Why you should use Google Analytics to measure and improve your site’s performance

Google Analytics is a robust, free platform that measures your site’s performance
Does your website stink or does it shine? This is one of many questions that Google Analytics, a free, robust software platform, can answer. It can give you key insights into your website’s performance. Specifically, it can answer:
- Who is coming to your site?
- Where are your site visitors at geographically?
- How many visitors are using computers, tablets, or mobile phones?
- What are your best and worst pages on your site?
- How engaged are visitors with the site’s content?
Google Analytics is easy to use and set up. Here are some key metrics that Google Analytics measures that can help you improve your website:
1. Audience Metrics
Who is coming to your site? Google Analytics provides the following metrics to help you understand your audience:

Audience metrics tell you information about the visitors that are coming to your site
- Traffic: You can learn how much traffic your site has each day, week, and month.
- Location: You can see where visitors are physically located (state or city) while visiting your site.
- Device Type: You can see how many site visitors use desktop/laptop computers, tablets, and mobile devices.
- New or Repeat: You will see how many visitors have never been to your site before and how many are return visitors.
Audience metrics give you a glimpse as to who exactly is coming to your site. It can help you customize your site for certain geographic, demographic, and technological segments of your site.
2. Traffic Sources Metrics
How are visitors finding your site? Traffic source data in Google Analytics helps answer this question.
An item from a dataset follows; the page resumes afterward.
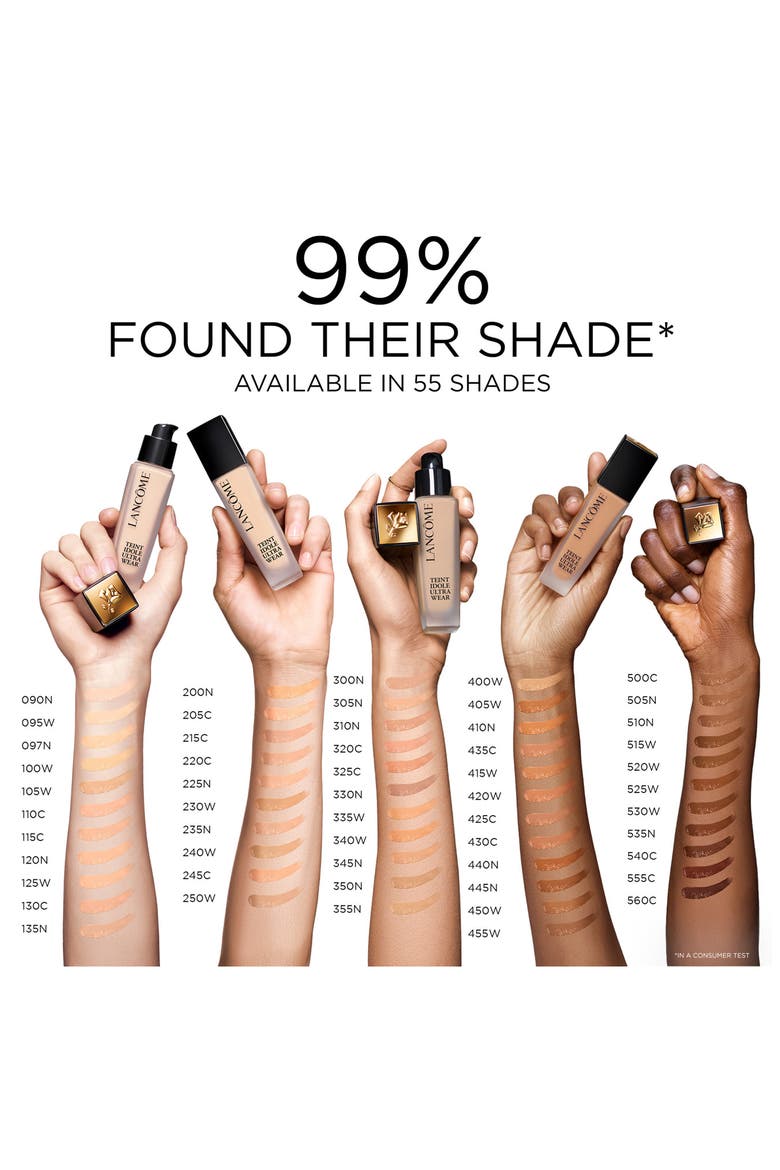 Teint Idole Ultra Wear Natural Matte Foundation Teint Idole Ultra Wear Natural Matte Foundation with Hyaluronic Acid & Vitamin E, Alternate, color, 425C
Here are some common metrics you will see:

Traffic source metrics help you see where your site visitors are coming from
- Keywords: You will see what keywords from organic and paid search are leading visitors to come to your site.
- PPC: Find out how many visitors come from your paid search campaigns
- Organic: See what percent of visitors come from your organic rankings on search engines on Google, Bing, and Yahoo.
- Direct: See how many people typed in your website address directly into their web browser.
- Referral: See what visitors come from links to your site from other websites on the Internet.
Traffic source data helps you see where to focus your efforts. You will find out which keywords and sources are your most profitable for you. You can then adapt your marketing strategy to focus on the aspects of paid search and organic rankings that matter the most.
3. Engagement Metrics
Do visitors like your site? Is it easy to navigate? Is the content engaging? These metrics will help you decide the answer:

Engagement metrics help you see how good your content, navigation, and entire site are.
- Bounce Rate: This is the percent of people that leave after arriving on the first page of your site.
- Pages/Visit: The amount of pages that people visit.
- Time on Site: Measures how long a visitor stays on your site
- Goals: You can specify goals for the site. For example, you can set a goal for a visit of 3 minutes long or a completed form submission. Analytics will measure and report on the amount of times goals were completed.
- Events: You can measure certain actions, such as a clicked link or watched video.
- Page Performance: Analytics will break down your site by page and show you how well each site performed (time on page, bounce rate, etc).
Engagement metrics can give you clues that will help you improve site content to make it more interesting and useful. It can also help you improve internal linking, navigation, and other aspects of your site.
While there are many advanced features that bring additional insights to website performance, these metrics give you the foundation you need to make website improvements that can increase the performance and conversion rate of your site.